The hurricane was churning coastal waters across the oil-affected region on the Gulf of Mexico. Waves as high as 6 feet (1.8 meters) and winds over 25 mph (40 kph) were forecast through Thursday just offshore from the Mississippi Delta in Louisiana to northwestern Florida.
In Louisiana, the storm pushed an oil patch toward Grand Isle and uninhabited Elmer's Island, dumping tar balls as big as apples on the beach.
"The sad thing is that it's been about three weeks since we had any big oil come in here," marine science technician Michael Malone said. "With this weather, we lost all the progress we made."
The loss of skimmers, combined with gusts driving water into the coast, left beaches especially vulnerable. In Alabama, the normally white sand was streaked with long lines of oil. One swath of beach 40 feet (12 meters) wide was stained brown and mottled with globs of oil matted together.
Dozens of vessels that were being used to combat the oil spill were tied to docks Tuesday as Alex, more than 500 miles (800 kilometers) away, approached the Texas-Mexico coast. Most days, the fleet would have been skimming oil from the Gulf and ferrying workers and supplies. But the hurricane turned many people fighting the 11-week-old spill into spectators. And they will be for days.
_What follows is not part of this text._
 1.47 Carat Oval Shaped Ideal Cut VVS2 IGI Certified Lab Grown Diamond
Officials scrambled to reposition boom to protect the coast, and had to remove barges that had been blocking oil from reaching sensitive wetlands. Those operations could soon get a boost. The U.S. accepted offers of help from 12 countries and international organizations. Japan, for instance, was sending two skimmers and boom.
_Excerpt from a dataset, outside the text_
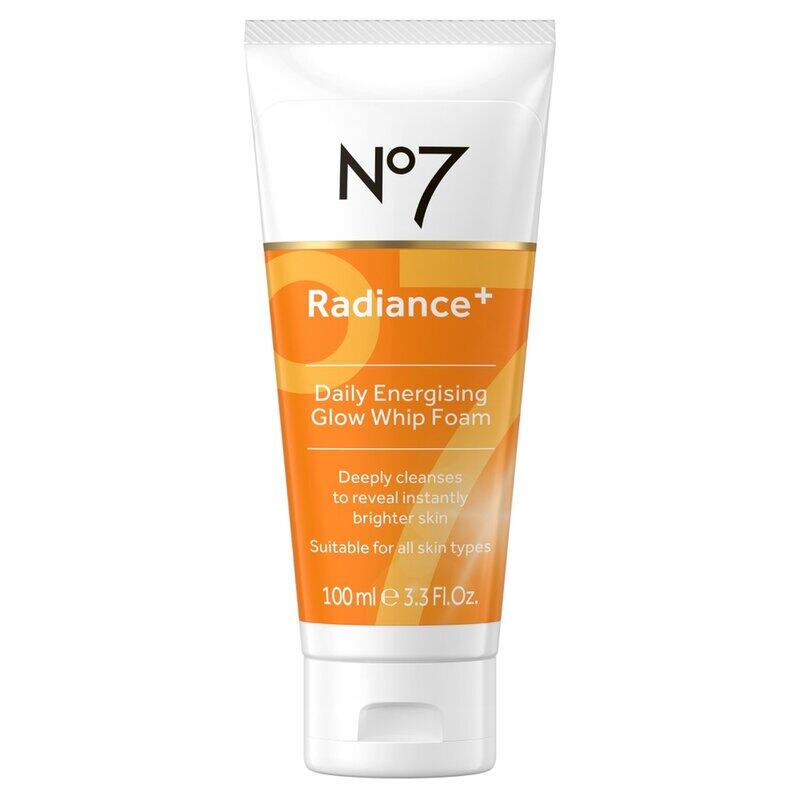 

No7 Radiance And Daily Energising Glow Whip Foam 100ml Rated 5 stars out of 5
Alex is projected to head for the Texas-Mexico border region and stay far from the spill zone off the Louisiana coast. It is not expected to affect work at the site of the blown-out well. But the storm's outer edges complicated the cleanup.
Early Wednesday, Alex had maximum sustained winds near 80 mph (130 kph). The National Hurricane Center said the Category 1 storm is the first June Atlantic hurricane since 1995. It is on track for the Texas-Mexico border region and expected to make landfall Wednesday night.
Scientists have said the rough seas and winds, though, could actually help break apart the oil and make it evaporate faster.
"It's good news because there is less on the surface," Higgens said. "It's surface oil that washes up on the beaches."
Jefferson Parish Council member Chris Roberts said the oil was entering passes Tuesday at Barataria Bay, home to diverse wildlife. A day earlier, barges that had been placed in the bay to block the oil were removed because of rough seas. Boom was being displaced and had to be repositioned, he said in an e-mail.
The Bureau of Ocean Energy Management, Regulation, and Enforcement said 28 platforms and three rigs in the path of the storm in the western Gulf have been evacuated. Still in the water are vessels being used to capture or burn spewing oil and gas and those drilling relief wells that officials say are the best hope for stopping the leak for good.
Hurricane warnings were posted for parts of the coast along Mexico and Texas. Except for the border area itself, though, most of the warning area is lightly populated.
So far, between 70 million gallons (268 million liters) and 137 million gallons (520 million liters) of oil have spewed into the Gulf from the broken BP well, according to government and BP estimates. The higher estimate is enough oil to fill half of New York's Empire State Building with oil.
More containment help could be arriving after the storm lets up. Mexico, Norway, Holland and Japan are providing skimmers; Canada is providing containment boom; and Croatia is pitching in with technical advice. Only one offer has been rejected, according to the chart. Dispersant chemicals offered by France are not approved for use in the U.S.
The U.S. rarely faces a disaster of such magnitude that it requires international aid, though it did accept assistance after Hurricane Katrina.